◆ Try it:
Setting aside any pictures, reproduce the data exactly.

◆ Data for this task:

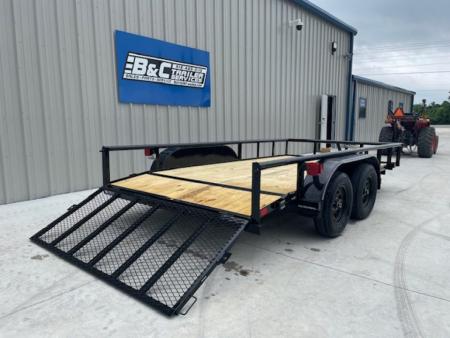 New 2026 DAVIDSON 83X14 (2)TANDEM AXLE PIPE TOP UTILITY W/36" GATE, DOVETAIL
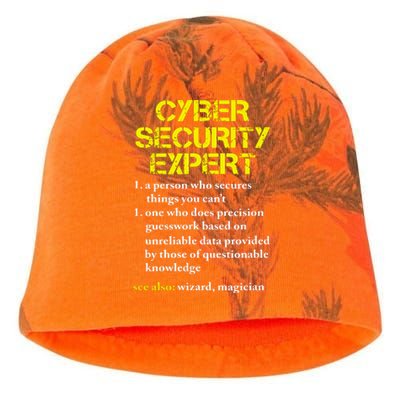 Cybersecurity Definition Expert Computer Engineer Kati - Camo Knit Beanie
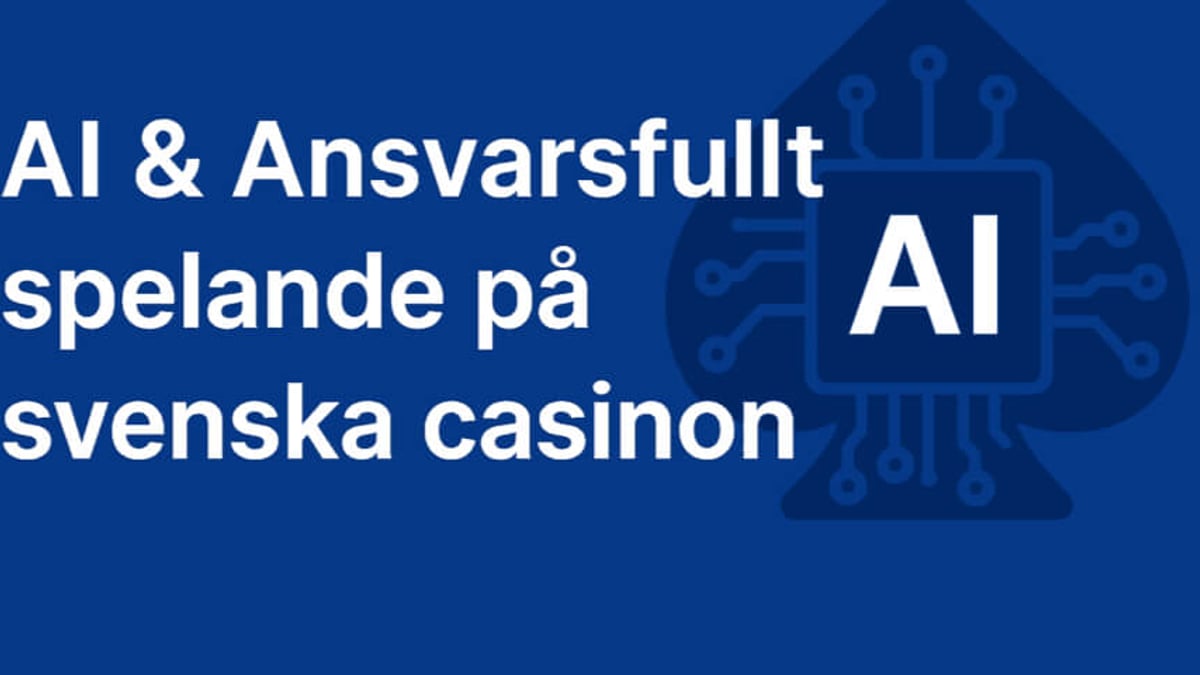 AI i kampen mot spelberoende – ny teknik gör svenska casinon tryggare AI i kampen mot spelberoende – ny teknik gör svenska casinon tryggare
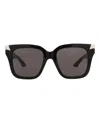 Alexander Mcqueen Square-frame Recycled Acetate Sunglasses In Gray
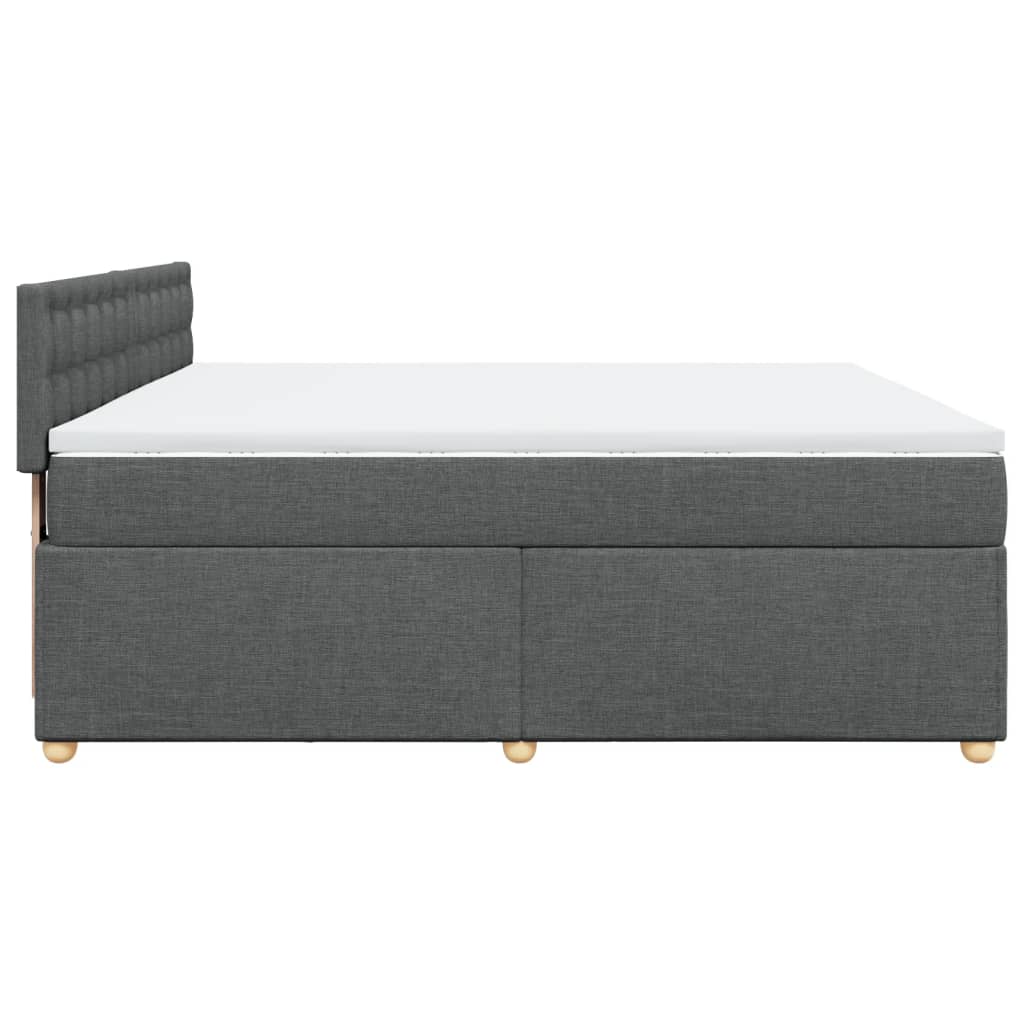 Boxspring met matras stof donkergrijs 180x200 cm is nu te koop bij PeponiXL, paradijselijk wonen!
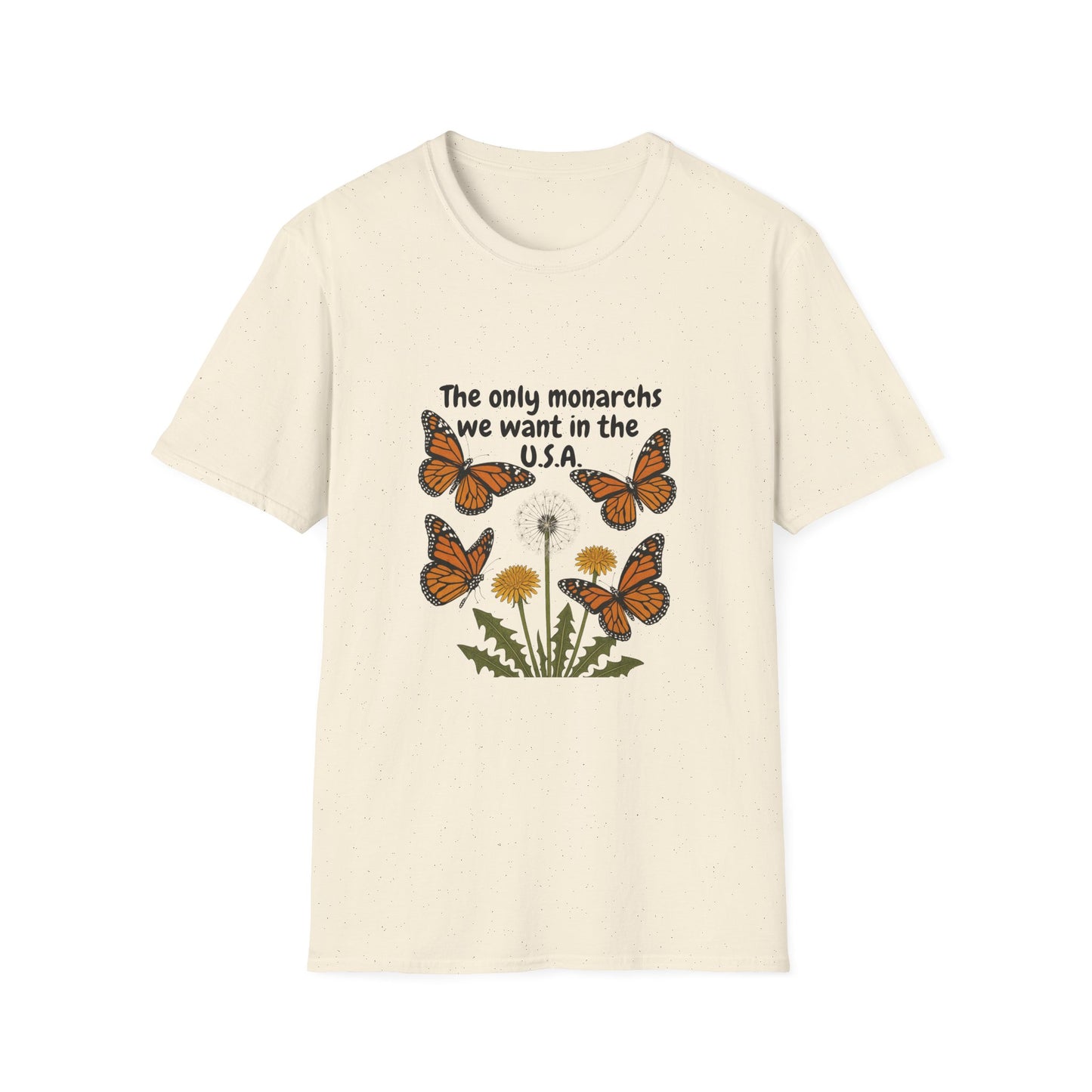 Butterfly Monarchs Protest Tee, Citizens Against Trump Shirt, No Kings Activist Top, Political Resistance Unisex Softstyle T-Shirt,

◆ Your solution:
 New 2026 DAVIDSON 83X14 (2)TANDEM AXLE PIPE TOP UTILITY W/36" GATE, DOVETAIL
 Cybersecurity Definition Expert Computer Engineer Kati - Camo Knit Beanie
 AI i kampen mot spelberoende – ny teknik gör svenska casinon tryggare AI i kampen mot spelberoende – ny teknik gör svenska casinon tryggare
 Alexander Mcqueen Square-frame Recycled Acetate Sunglasses In Gray
 Boxspring met matras stof donkergrijs 180x200 cm is nu te koop bij PeponiXL, paradijselijk wonen!
 Butterfly Monarchs Protest Tee, Citizens Against Trump Shirt, No Kings Activist Top, Political Resistance Unisex Softstyle T-Shirt,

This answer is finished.